Melange
Tutorials

Face Emotion Recognition

Classify facial emotions on-device using EMO-AffectNet with ZETIC Melange.

Build an on-device face emotion recognition application using a two-model pipeline with ZETIC Melange. This tutorial chains Face Detection with the EMO-AffectNet (ResNet-50) model to classify facial emotions in real time on Android and iOS.

We provide the source code for the Face Emotion Recognition demo application for both Android and iOS.

What You Will Build

A real-time emotion classification application that first detects faces, then classifies each detected face into one of seven emotion categories using the EMO-AffectNet model, all running on-device with NPU acceleration.

Prerequisites

What is EMO-AffectNet?

EMO-AffectNet is a ResNet-50 based deep convolutional neural network trained for facial emotion recognition. It classifies faces into 7 emotion categories: Angry, Disgust, Fear, Happy, Neutral, Sad, and Surprise.

Model Pipelining

For accurate emotion recognition, we need to first detect the face region and then pass the cropped face image to the emotion model. The pipeline consists of:

  1. Face Detection: Use the Face Detection model to accurately detect face regions in the image. Extract the face area from the original image.
  2. Face Emotion Recognition: Input the extracted face image into the EMO-AffectNet model to classify the emotion.
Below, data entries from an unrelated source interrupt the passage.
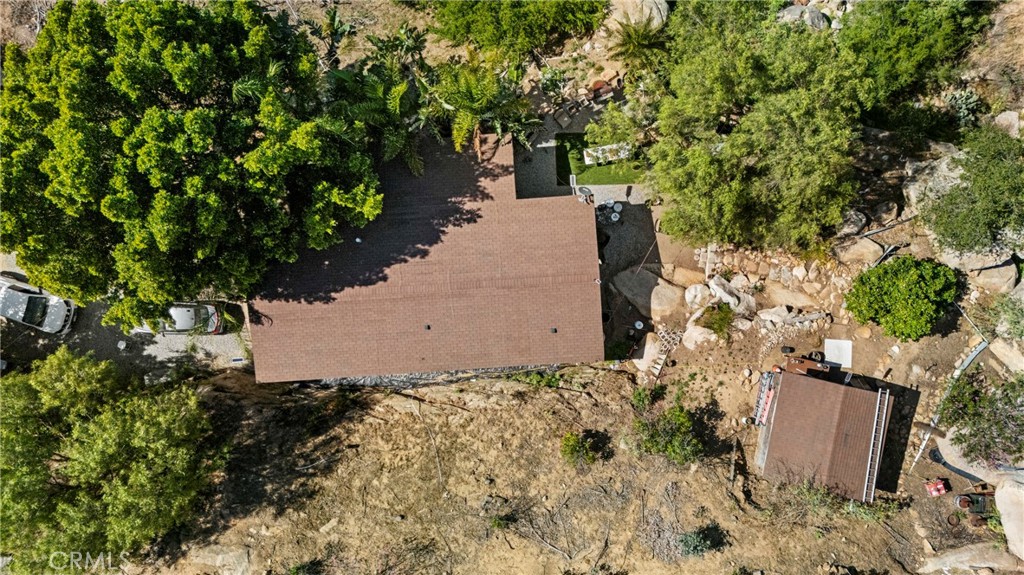 38942 Jubilee Way Fallbrook, CA 92028 - Photo 39 of 55 a backyard of a house with lots of green space
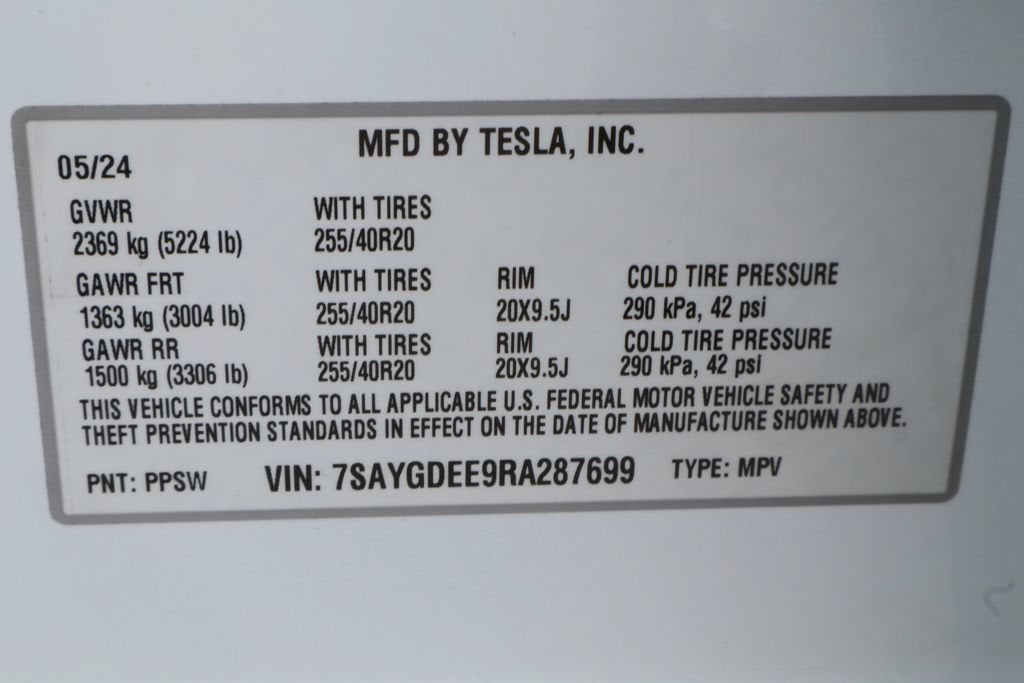 2024 Tesla Model Y Long Range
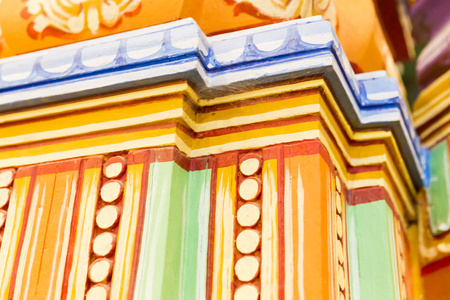 彩色彩色柱子的特写细节印度的印度寺庙, 泰米尔纳德邦, 印第安神庙
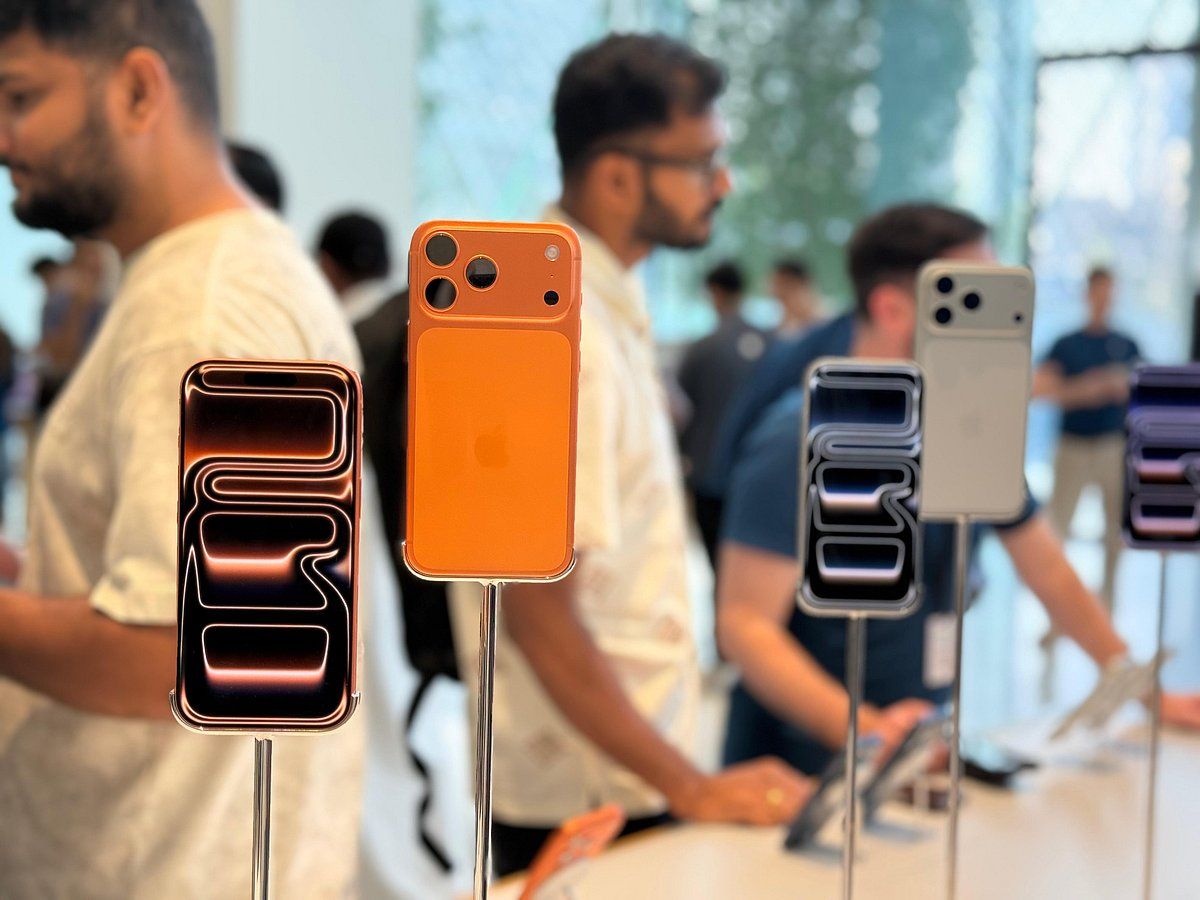 BAE: 'Seri Yükselticiler', Genç Teknoloji Meraklıları Apple'ın Yeni İphone 17'sine Hayran Kaldı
Step 1: Prepare the Models

Face Detection Model

Convert the Face Detection TFLite model to ONNX format:

pip install tf2onnx
python -m tf2onnx.convert --tflite face_detection_short_range.tflite --output face_detection_short_range.onnx --opset 13

Face Emotion Recognition Model

Export the EMO-AffectNet model to TorchScript format. You can find the ResNet50 class here.

import torch
import torch.nn as nn
import numpy as np

emo_affectnet = ResNet50(7, channels=3)
emo_affectnet.load_state_dict(torch.load('FER_static_ResNet50_AffectNet.pt'))
emo_affectnet.eval()

model_cpu = emo_affectnet.cpu()
model_traced = torch.jit.trace(model_cpu, (cur_face))
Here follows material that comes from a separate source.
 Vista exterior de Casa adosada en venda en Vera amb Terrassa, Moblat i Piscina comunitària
np_cur_face = cur_face.detach().numpy()
np.save("data/cur_face.npy", np_cur_face)

output_model_path = "models/FER_static_ResNet50_AffectNet_traced.pt"
torch.jit.save(model_traced, output_model_path)

Step 2: Generate Melange Model Keys

Upload both models and their inputs via the Melange Dashboard or use the CLI:

# Face detection model
zetic gen -p $PROJECT_NAME -i input.npy face_detection_short_range.onnx

# Emotion recognition model
zetic gen -p $PROJECT_NAME -i input.npy FER_static_ResNet50_AffectNet.onnx

Step 3: Implement ZeticMLangeModel

We prepared model keys for the demo app: face_detection and face_emotion_recognition. You can use these model keys to try the Melange Application.
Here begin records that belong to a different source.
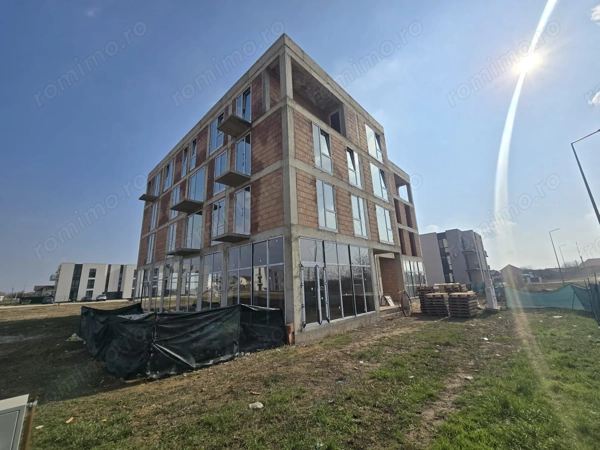 Apartamente noi de vanzare 2 si 3 camere + spatii comerciale — fotografia 2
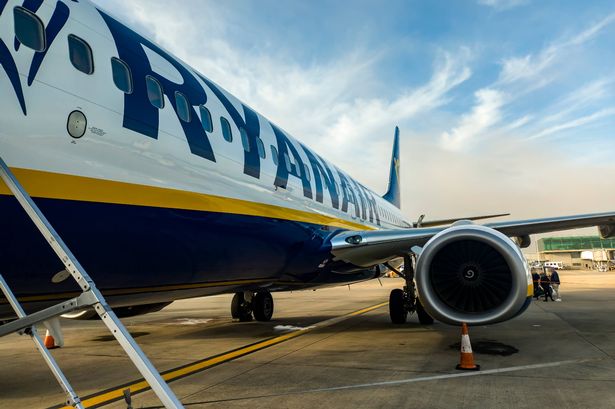 Stansted ، Essex ، المملكة المتحدة - 7 سبتمبر 2024: A Ryanair Boeing 737 متوقفة على مدرج المطار في مطار ستانستيد في إسيكس ، المملكة المتحدة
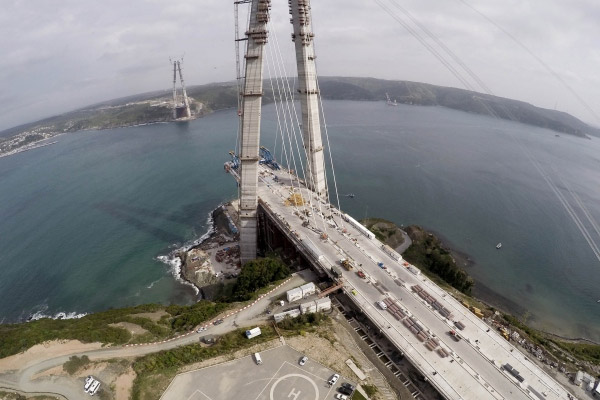 Üçüncü köprüde çelik halatlara geçildi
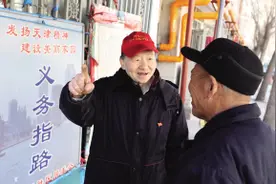 咱社区有一个问不倒的“指路叔”图片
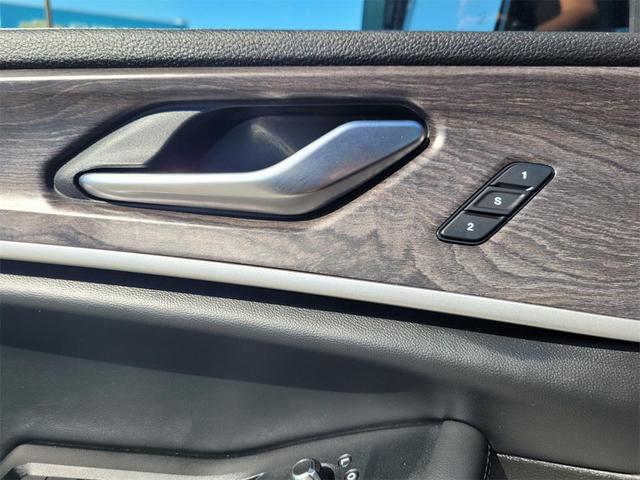 Photo of 2022 Baltic Gray Metallic Clearcoat Jeep Grand Cherokee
For detailed application setup, please follow the Android Integration Guide guide.

val faceEmotionRecognitionModel = ZeticMLangeModel(this, PERSONAL_KEY, "face_emotion_recognition")

faceEmotionRecognitionModel.run(inputs)

val outputs = faceEmotionRecognitionModel.outputBuffers

For detailed application setup, please follow the iOS Integration Guide guide.

let faceEmotionRecognitionModel = try ZeticMLangeModel(personalKey: PERSONAL_KEY, name: "face_emotion_recognition")

try faceEmotionRecognitionModel.run(inputs)

let outputs = faceEmotionRecognitionModel.getOutputDataArray()

Step 4: Use the Feature Extractors

We provide Face Detection and Face Emotion Recognition feature extractors as Android and iOS modules.

The Face Emotion Recognition feature extractor extension will be released as an open-source repository soon.

// (0) Initialize Face Emotion Recognition wrapper
val feature = FaceEmotionRecognitionWrapper()

// (1) Preprocess bitmap and get processed float array
val inputs = feature.preprocess(bitmap)

// ... run model ...

// (2) Postprocess to bitmap
val resultBitmap = feature.postprocess(outputs)
import ZeticMLange

// (0) Initialize Face Emotion Recognition wrapper
let feature = FaceEmotionRecognitionWrapper()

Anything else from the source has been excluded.